Nikko Visit (very briefly)

I had a brief visit to Nikko on Thursday.

It was a very cold day and from what I understand, it had the first snow of the season.

Shinkyo,the Sacred Bridge, spans across Daiya River to Futarasan Shrine.

Here's a view from the bridge - very beautiful in new snow.

Then we drover over to the entrance to the Toshogu Shrine.

The entrance way to the shrine.

Here's the first gate into the shrine - I chose not to enter it for the lack of time.

There was a nice Five Story Pagoda right next to the gate.


Ueno Park

Last weekend, I went to Ueno Park to see a friend's painting exhibited at the Tokyo Metropolitan Art Museum.

He is an amateur painter, but has gotten many awards.

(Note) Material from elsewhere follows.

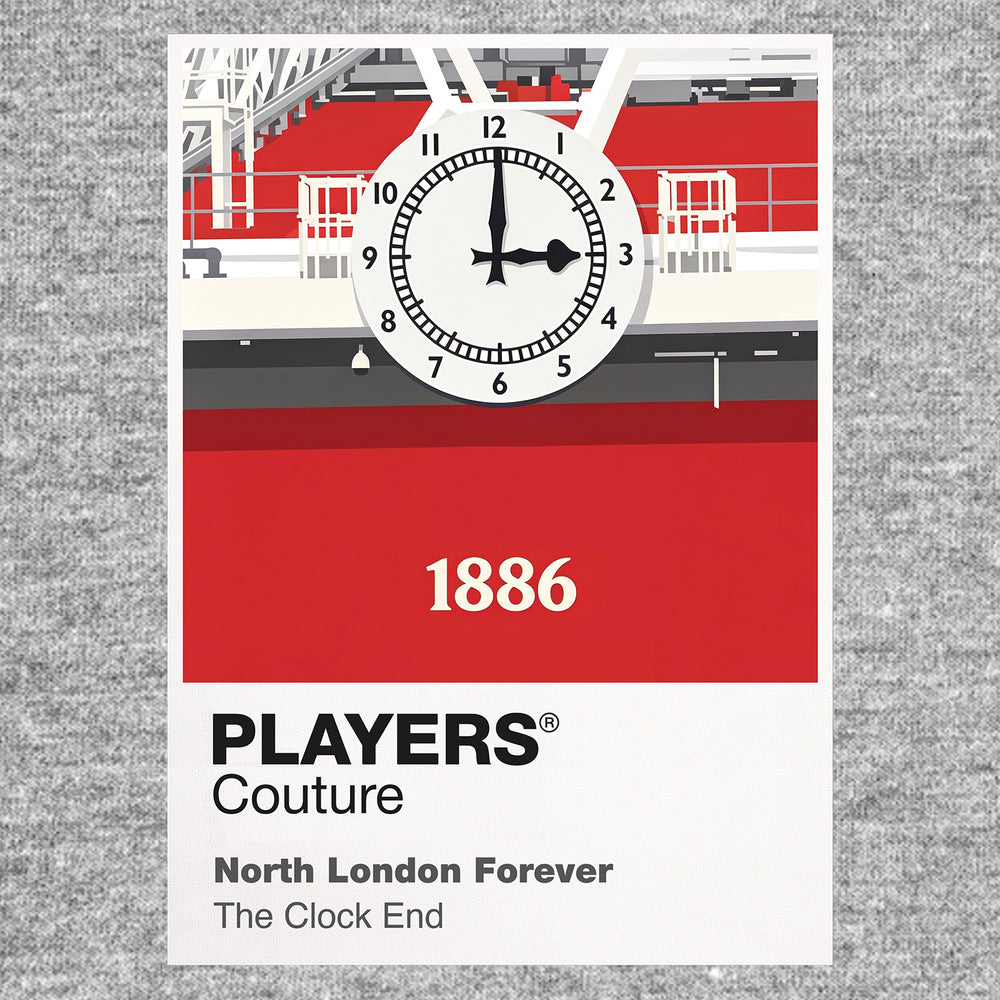 The Clock End Players Couture Frame Gray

At the entrance of the museum was a big silver sphere - an interesting exhibit.

Here is the picture titled "Yacht Harbor" painted by my friend. It is a very nice oil paint.

A memorial clock tower for the victims of the Great Kanto Earthquake of 1923 and the air raids on Tokyo during the WWII.

At the park, there exhibited a face of the Great Buddha statue that was originally constructed in the 17th Century. It was of course built to pray to easing of people's suffering. The head fell down at the time of the 1923 earthquake. Amazingly, the body of the Buddha statue was donated for the war efforts during the WWII. This is a truly an awful and very sad story.

And of course, the famous statue of Saigo-san (Saigo Takamori) is a very popular sightseeing spot. He is one of the historical figure that achieved the Meiji Restration that led to the modernization of Japan.


Bangkok Part 2

Here are more scenes from Bangkok.

Garuda, winged vehicle of Buddha, riding on serpents
Beautiful wall pictures were being restored at the temple.
Reclining Buddha of Wat Pho

Bangkok Part 1

Last weekend, I was in Bangkok, Thailand.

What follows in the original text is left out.